On March 6, 2017, the Senate voted along party lines to pass a resolution repealing President Barack Obama’s Fair Pay and Safe Workplaces (FPSW) executive order, aimed to expand labor protections for employees on federal contract sites and crack down on federal labor law violations.
The FPSW was signed into law on July 31, 2014, and the official rules were issued by the Department of Labor and the Federal Acquisition Regulatory Council on August 25, 2016. Crucially, it required employers to increase transparency in the issuance of paychecks and prohibited companies with contracts greater than a million dollars from requiring employees to sign pre-dispute arbitration agreements in regards to potential civil rights violations. It also required the General Services Administration to take into account past labor law violations of prospective contractors when determining whether or not to award their bid.

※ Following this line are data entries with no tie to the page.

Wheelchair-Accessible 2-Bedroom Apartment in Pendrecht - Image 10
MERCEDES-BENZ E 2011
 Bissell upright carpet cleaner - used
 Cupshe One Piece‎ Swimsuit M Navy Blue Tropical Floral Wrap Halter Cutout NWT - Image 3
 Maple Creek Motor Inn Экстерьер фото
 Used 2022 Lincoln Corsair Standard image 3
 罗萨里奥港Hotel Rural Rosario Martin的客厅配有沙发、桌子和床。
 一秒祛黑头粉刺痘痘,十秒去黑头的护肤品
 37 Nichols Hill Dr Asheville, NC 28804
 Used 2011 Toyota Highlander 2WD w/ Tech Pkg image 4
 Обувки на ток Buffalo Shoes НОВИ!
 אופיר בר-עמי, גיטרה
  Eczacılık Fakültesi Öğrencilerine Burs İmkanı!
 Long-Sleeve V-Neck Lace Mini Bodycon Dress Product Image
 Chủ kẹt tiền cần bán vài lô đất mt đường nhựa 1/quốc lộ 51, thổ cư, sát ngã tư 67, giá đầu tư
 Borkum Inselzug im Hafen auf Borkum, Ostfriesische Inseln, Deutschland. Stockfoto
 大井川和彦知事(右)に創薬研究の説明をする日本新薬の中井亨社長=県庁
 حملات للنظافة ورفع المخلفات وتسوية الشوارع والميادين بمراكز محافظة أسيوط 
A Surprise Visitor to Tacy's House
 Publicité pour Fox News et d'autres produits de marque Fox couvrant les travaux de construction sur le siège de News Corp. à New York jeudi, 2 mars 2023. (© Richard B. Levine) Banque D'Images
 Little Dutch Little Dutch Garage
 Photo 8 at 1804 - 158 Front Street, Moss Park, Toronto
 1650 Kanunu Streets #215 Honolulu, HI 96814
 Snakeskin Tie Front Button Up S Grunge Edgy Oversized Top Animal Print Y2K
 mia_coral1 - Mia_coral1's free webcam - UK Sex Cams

A 2010 Government Accountability Office (GAO) study found that in the previous fiscal year, the federal government had awarded more than six billion dollars in federal contracts to companies that had been cited for federal labor law violations. Trade groups referred to this derisively as the “blacklisting rule.” Stan Solloway, CEO of the Professional Services Council, criticized the act, arguing that it would remove the presumption of innocence from contractors by treating “mere allegations of wrongdoing, which have not been fully adjudicated similar to adjudicated cases where the established legal procedures have been allowed to play out as fully intended.” In contrast, Labor unions greeted the measure with widespread praise. On August 24, 2016, AFL-CIO President Richard Trumka issued a statement arguing that the measure would “make our contracting system more fair and accountable,” which he said was “good for working families, law-abiding employers and communities.”
Ultimately, neither side had the opportunity to be vindicated. On October 24, 2016, just a day before the phased in implementation was slated to begin, Marcia Crane, a federal judge for the eastern district of Texas blocked the civil rights and labor law disclosure agreements on the grounds that it was a case of executive branch overreach and that existing statutes already covered disclosure requirements. The paycheck transparency provisions went into effect as scheduled on January 1, but were extremely short lived.
Democrats in Congress, who voted unanimously against the repeal, were quick to condemn it. In the immediate aftermath of the vote, Senate Minority Whip Dick Durbin told the Observer that the measure was “another broken promise to American workers” and that it would ultimately “waste taxpayer dollars on companies that break the law.” Sen. Elizabeth Warren argued that the heart of the question was over “who Congress really works for” and released a 14-page report pointing to instances of contractor abuse. Service Employees International Union (SEIU) President Mary Kay Henry denounced Republican leaders for choosing “to put greedy corporations over working people by undoing the Fair Pay and Safe Workplaces executive order.” She told the Observer that the FPSW is a “common-sense order that would have helped taxpayers, law-abiding businesses, and the more than one in five Americans employed by companies that do business with the federal government.”
Given that the measure was passed under the auspices of the Congressional Review Act, whatever impact the repeal has on the one in five Americans will in all likelihood prove to be irreversible; the law grants Congress the authority to not only overturn federal regulations, but to also forbid the issuance of all equivalent regulations in the future. Prior to 2017, it had only been used once, but within the 115th congress, this marks the fourth of six instances in which Republicans have used it to overturn an Obama issued rule.
President Donald Trump received 43 percent of the union vote in 2016, the highest of any Republican since Ronald Reagan in 1984. If he signs a measure that restricts labor rights for a fifth of the workforce and prevents them from ever regaining them, he could face backlash. Whether he does or doesn’t will ultimately be a test of the staying power of his populist brand and the political clout of organized labor.